- [Work to complete] Leave the pictures out and give every entry again exactly.

- [Material to process]
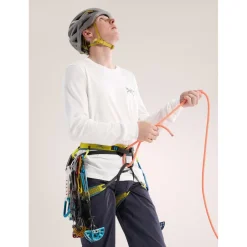 Arc'teryx - kaha Harne - Kettergurt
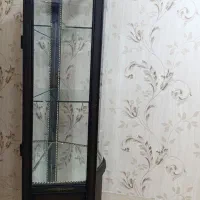 بوفه ویترینی|بوفه، ویترین، کنسول|گرگان, |دیوار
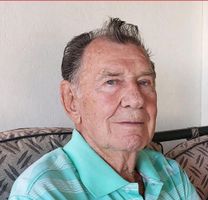 Charles \"Pete\" Thornburg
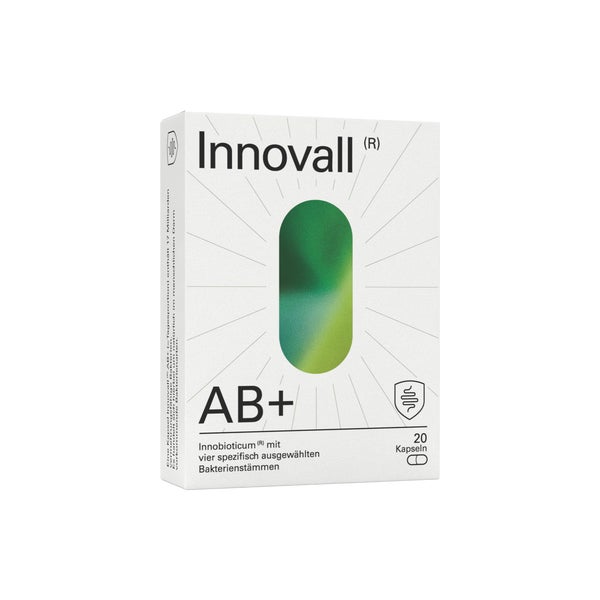 Innovall  AB+ 20 St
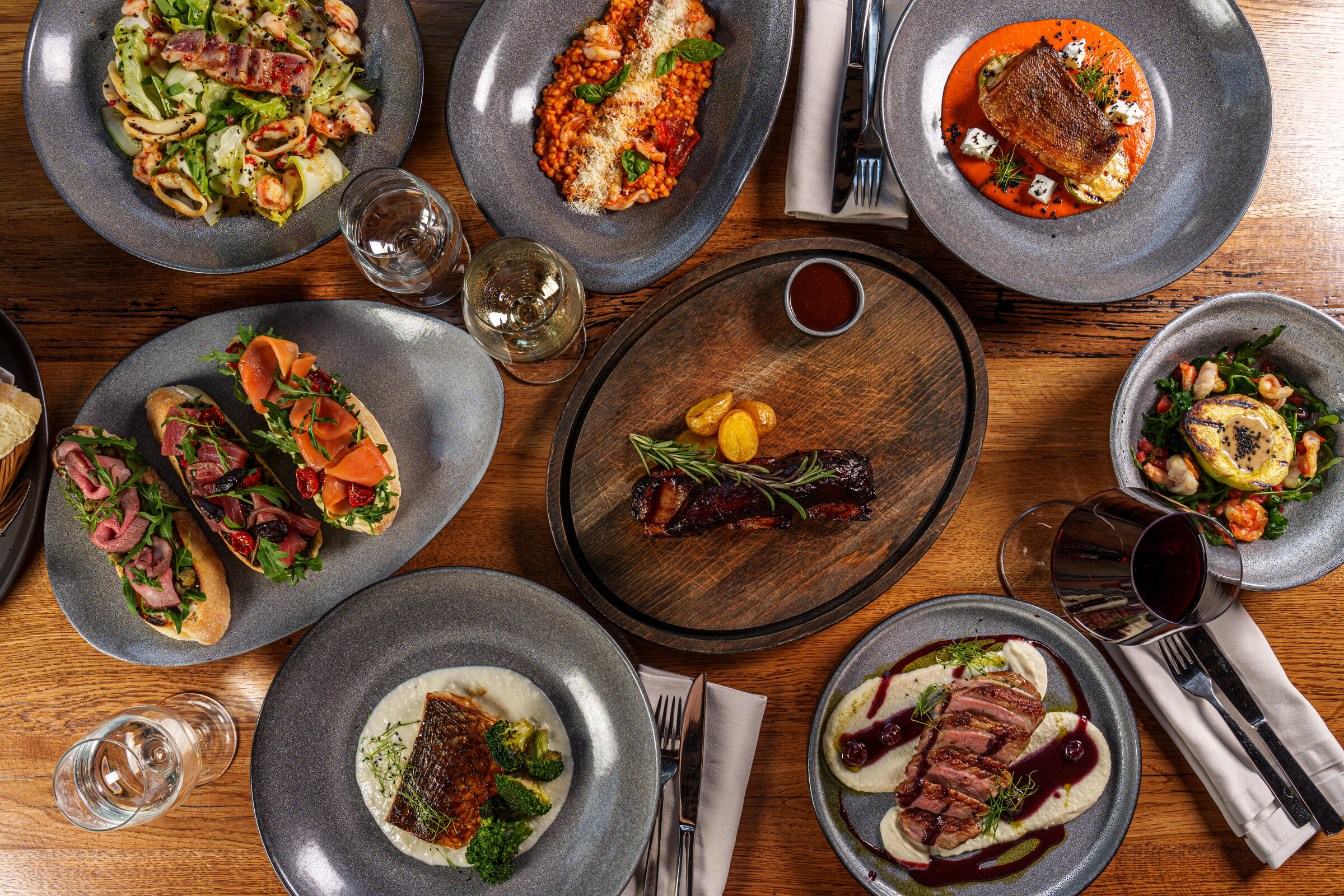 Фото Атмосфера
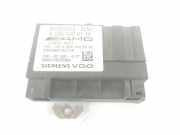 Steuergerät Kraftstoffpumpe A0355400145 Mercedes-Benz ML II (164/4JG) SUV 6.2 63 AMG 4-Matic V8 32V (M156.980) 2006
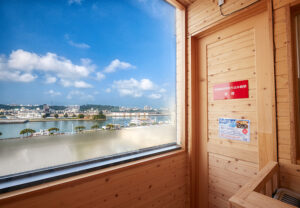 【インスタ成功事例】沖縄でサウナ付きホテルを運営するピータイムの事例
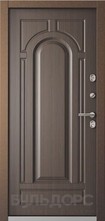 Дверь Бульдорс Termo-1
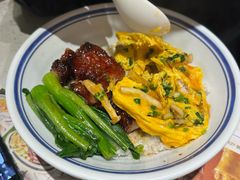 -添饭茶餐厅(天悦龙庭店)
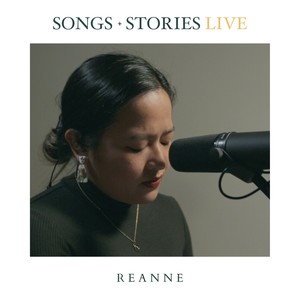 Songs + Stories Live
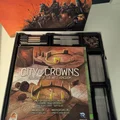 Khay rời cho Paladins Of The West Kingdom Collector's Box - Thumbnail 1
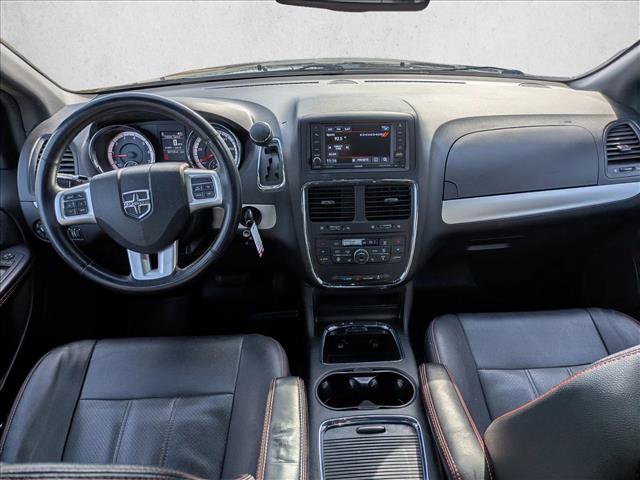 Used 2019 Dodge Grand Caravan GT image 19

- [Answer to this task]
 Arc'teryx - kaha Harne - Kettergurt
 بوفه ویترینی|بوفه، ویترین، کنسول|گرگان, |دیوار
 Charles \"Pete\" Thornburg
 Innovall  AB+ 20 St
 Фото Атмосфера
 Steuergerät Kraftstoffpumpe A0355400145 Mercedes-Benz ML II (164/4JG) SUV 6.2 63 AMG 4-Matic V8 32V (M156.980) 2006
 【インスタ成功事例】沖縄でサウナ付きホテルを運営するピータイムの事例
 Дверь Бульдорс Termo-1
 -添饭茶餐厅(天悦龙庭店)
 Songs + Stories Live
 Khay rời cho Paladins Of The West Kingdom Collector's Box - Thumbnail 1
 Used 2019 Dodge Grand Caravan GT image 19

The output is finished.